Comme souvent, les États-Unis sont pionniers en matière de précarité. Dès 2018, des médecins déclaraient à la presse que le premier cas de scorbut avait été mesuré chez eux cinq ou six ans plus tôt. « Ce premier cas […] C’était pour le moins impressionnant », a rappelé le docteur Eric Churchill dans une revue scientifique. « La personne ne mangeait que du fromage et du pain. Depuis, nous avons diagnostiqué entre 20 et 30 cas », rien que dans son hôpital, a-t-il déclaré.

En février dernier, aux Etats-Unis, le PDG de Kellogg’s conseillait à la télévision aux familles américaines de manger des « céréales pour le dîner » si elles veulent manger à moindre coût, dans un contexte d’inflation alimentaire. Les communicants de la marque avaient lancé une campagne incitant les consommateurs à manger des « céréales pour le dîner », capitalisant sur l’impossibilité de manger sainement pour une partie de plus en plus importante de la population. Kellogg’s conseille donc de remplacer un repas équilibré par des céréales ultra-transformées, riches en sucres et en pesticides.

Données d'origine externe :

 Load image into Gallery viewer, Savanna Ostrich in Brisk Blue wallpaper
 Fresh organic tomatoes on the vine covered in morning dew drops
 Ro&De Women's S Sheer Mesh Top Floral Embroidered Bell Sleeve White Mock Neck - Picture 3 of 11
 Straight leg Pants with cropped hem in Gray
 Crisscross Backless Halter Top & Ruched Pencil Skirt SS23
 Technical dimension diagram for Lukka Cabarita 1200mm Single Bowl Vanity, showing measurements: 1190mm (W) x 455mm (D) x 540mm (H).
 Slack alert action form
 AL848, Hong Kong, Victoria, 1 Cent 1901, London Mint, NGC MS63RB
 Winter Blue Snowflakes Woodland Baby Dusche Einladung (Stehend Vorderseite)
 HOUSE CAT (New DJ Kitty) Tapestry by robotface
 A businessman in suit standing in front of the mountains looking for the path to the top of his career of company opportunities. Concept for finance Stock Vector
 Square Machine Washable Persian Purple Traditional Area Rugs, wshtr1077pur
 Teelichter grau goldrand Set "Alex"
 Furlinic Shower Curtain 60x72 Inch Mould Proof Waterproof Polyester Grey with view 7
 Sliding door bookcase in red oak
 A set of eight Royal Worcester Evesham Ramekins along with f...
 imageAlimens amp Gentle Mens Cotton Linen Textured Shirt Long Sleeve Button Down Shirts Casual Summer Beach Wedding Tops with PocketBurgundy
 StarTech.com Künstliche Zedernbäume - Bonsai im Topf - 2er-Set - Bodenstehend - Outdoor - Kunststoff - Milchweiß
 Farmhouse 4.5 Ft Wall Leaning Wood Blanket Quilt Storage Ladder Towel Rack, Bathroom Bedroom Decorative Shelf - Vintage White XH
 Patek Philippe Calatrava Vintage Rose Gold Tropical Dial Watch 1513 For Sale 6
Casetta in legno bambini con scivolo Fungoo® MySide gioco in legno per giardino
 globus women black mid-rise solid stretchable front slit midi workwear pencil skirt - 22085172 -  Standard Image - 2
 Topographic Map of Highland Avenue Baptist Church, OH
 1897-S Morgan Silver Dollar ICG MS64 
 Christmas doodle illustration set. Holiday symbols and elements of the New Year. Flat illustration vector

Pour éviter le scorbut, il faut ingérer moins de 10 mg de vitamine C par jour pendant un à trois mois. Une orange en contient 80 à 100. Les marins avaient aussi compris qu’il suffisait d’emporter à bord des agrumes, éventuellement mélangés à de l’alcool – ce qui a donné naissance au punch – pour éviter ce « fléau marin ». La vitamine C est également présente dans les pommes de terre, les agrumes, les épinards, etc. Découvrir le scorbut au XXIe siècle est donc une anomalie historique, et le signal qu’une alimentation est devenue profondément toxique pour les personnes les plus précaires, qui n’ont plus accès à des produits frais. produire. En réalité, qui peut s’offrir les fameux « 5 fruits et légumes du jour » recommandés par les nutritionnistes ?

Aux États-Unis, les autorités estiment à 10 % la proportion de la population confrontée à l’insécurité alimentaire. En France en 2023, plus d’un habitant sur deux sautait au moins un repas par jour et 9,3 millions vivaient sous le seuil de pauvreté. L’aide alimentaire en France concerne 7 millions de personnes et les Restos du Cœur ont annoncé être en sérieuse difficulté face à l’afflux de personnes dans le besoin il y a quelques mois.

Alors que l’humanité n’a jamais produit autant de richesses et que le nombre de milliardaires explose, il s’avère que, même dans les pays riches, une part croissante de la population n’a pas accès à une quantité et une qualité suffisantes. assez de nourriture pour vivre correctement.

Autre paramètre de cet effondrement : les fruits et légumes eux-mêmes sont de moins en moins sains. Outre les pesticides et les OGM, il a été prouvé qu’une pomme ou une tomate sélectionnées par l’agro-industrie et cultivées de manière intensive contiennent bien moins de nutriments que les variétés consommées il y a 50 ou 100 ans. Il faudrait manger deux ou trois fois plus pour obtenir la même quantité de vitamines. Paradoxalement, notre alimentation est à la fois de plus en plus calorique tout en étant vide de nutriments.

Pour se maintenir, les capitalistes ont vendu le mythe du « progrès » sans fin, qui serait garanti par la croissance économique. Cependant, notre époque est bel et bien celle d’un déclin généralisé. Aux États-Unis, l’espérance de vie diminue déjà, tout comme en Angleterre. En France, l’espérance de vie en bonne santé diminue. Rien n’indique que les générations nées depuis les années 1980 vivront plus longtemps que celles du baby-boom, qui ont mangé « bio » durant toute leur jeunesse – les pesticides étaient encore très peu utilisés – qui ont bénéficié du maximum de l’État social et qui vivent donc plus longtemps que les générations précédentes. les précédents.